Your temperature blanket guide from dream to woven in ends

It’s Okay To Give Up

It’s a couple months into your temperature project and you’re getting a better idea of what your final project will look like. You may like what you see. You may not. If the latter is true, I’m here to tell you that it’s okay to give up.

If you’re happy with your temperature project, great! But you can still read this to get some tips for your other projects, too.

 

 

Reason

Much like Gibbs says in Pirates of the Caribbean, “reason’s got nothin’ to do with it.” The “it” for our purpose is why you don’t like your project after you start making at least some visible progress on it.
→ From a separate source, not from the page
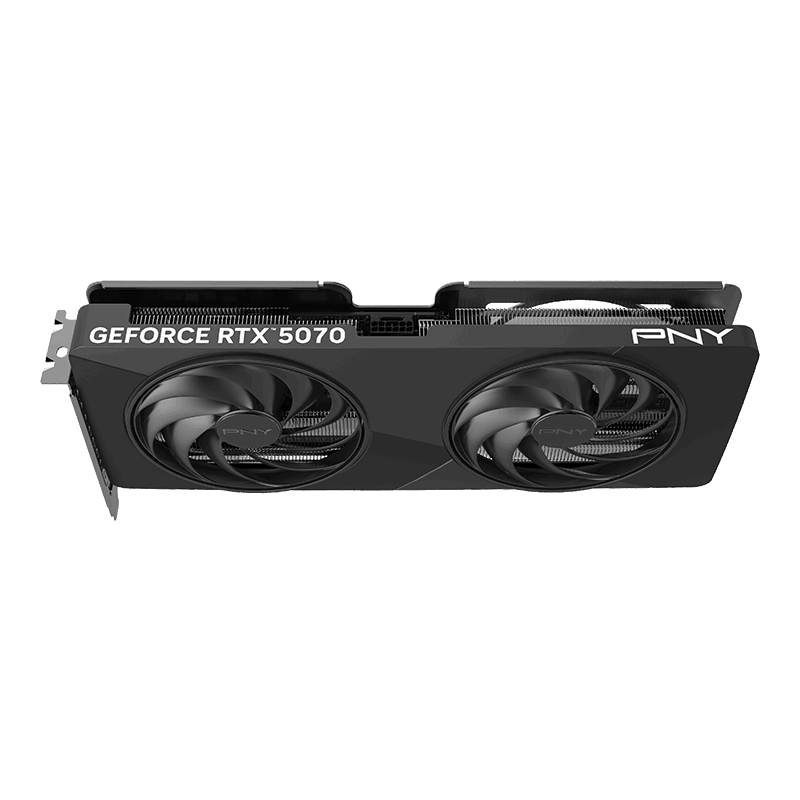PNY GeForce RTX 5070 SLIM Models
Sometimes it just doesn’t seem as pleasing as you thought it would.

But just because your feeling isn’t based on reason doesn’t mean you should ignore it. This is especially important in such a time-consuming project as most temperature projects are. If you don’t like what you’re working on, you’re going to find more and more excuses to avoid working on it.

 

All you need is love

When you first love another person, you often overlook faults that they have because you’re excited and are overall more positive in your view of them. Over time this can change and you usually start to notice their faults more. You may even start to get irritated every time they use their blue ink pen on something you already wrote on in black ink. Just kidding. Maybe. (Those links are to pens we make.)

Your relationship to your project can progress in much the same way. When you start out you’re excited about it and may not notice faults in planning or execution. But as you do more and more work, the excitement will start to wear off. Then you’ll start seeing your project with new eyes and you may not like what you see. Just like our relationships with other people, this may happen much sooner than we’d hope.
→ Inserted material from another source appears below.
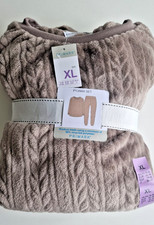 PRIMARK FLEECE LADIES TAUPE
For the record, I feel compelled to say while I don’t mind Beatles music, the “All you need is love” reference this time came from Moulin Rouge. Yes, I know it’s because they used the Beatles song in it but I wanted to point out which fandom I was in.

 

It’s okay to give up

If you can’t shake the feeling that you’re out of love with your project, then I’d lean into the feeling and plan your exit strategy. I have a huge waiting list of projects, even temperature ones. I’d much rather just quit the unhappy feeling project and move on to another one.
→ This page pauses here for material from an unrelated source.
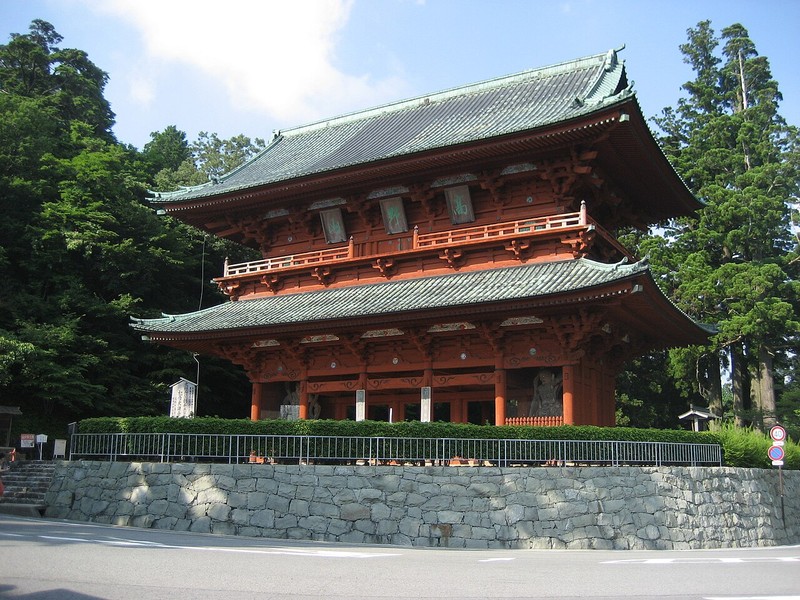 Monte Kōya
I know it can be hard to give up on something you’ve put even a little bit of effort and/or planning into. It’s hard for me. But it’s harder for me to continue working on something I’ve fallen out of love with. I should note my advice here only applies to projects and not to relationships. Gotta work on those before you finally call it quits as a last resort. (Exceptions do apply in extreme cases.)

 

What do I do next?

So now that you’ve made the final decision to move on to a new project, it’s time to plan an exit strategy. There are a few different options, really. Your decision will largely be based on exactly what was bothering you about your project.

The first thing to decide is whether to tear out or keep your work. If you want to use the yarn for something else, tearing it out is the obvious choice. If you don’t want to or don’t need to use the yarn, you can set the project aside and figure out what to do with it later. I still have the 3 month effort of a temperature blanket I made from the blanket I planned in 2015.

Then you can decide what parts of the project you will keep and what to get rid of. It should be fairly easy to decide because you focus on dropping the parts you didn’t like. Keep the other parts that you still like and find out how you’re going to move forward with them. If it’s a temperature project, it wouldn’t hurt to go back to the beginning and double-check each planning step decision you made.

So change the colors or the pattern or whatever it was that made you unhappy and just start again. You’ll probably have to catch up, especially if you’re making your project to document the current year. But in the end, it’ll be worth it.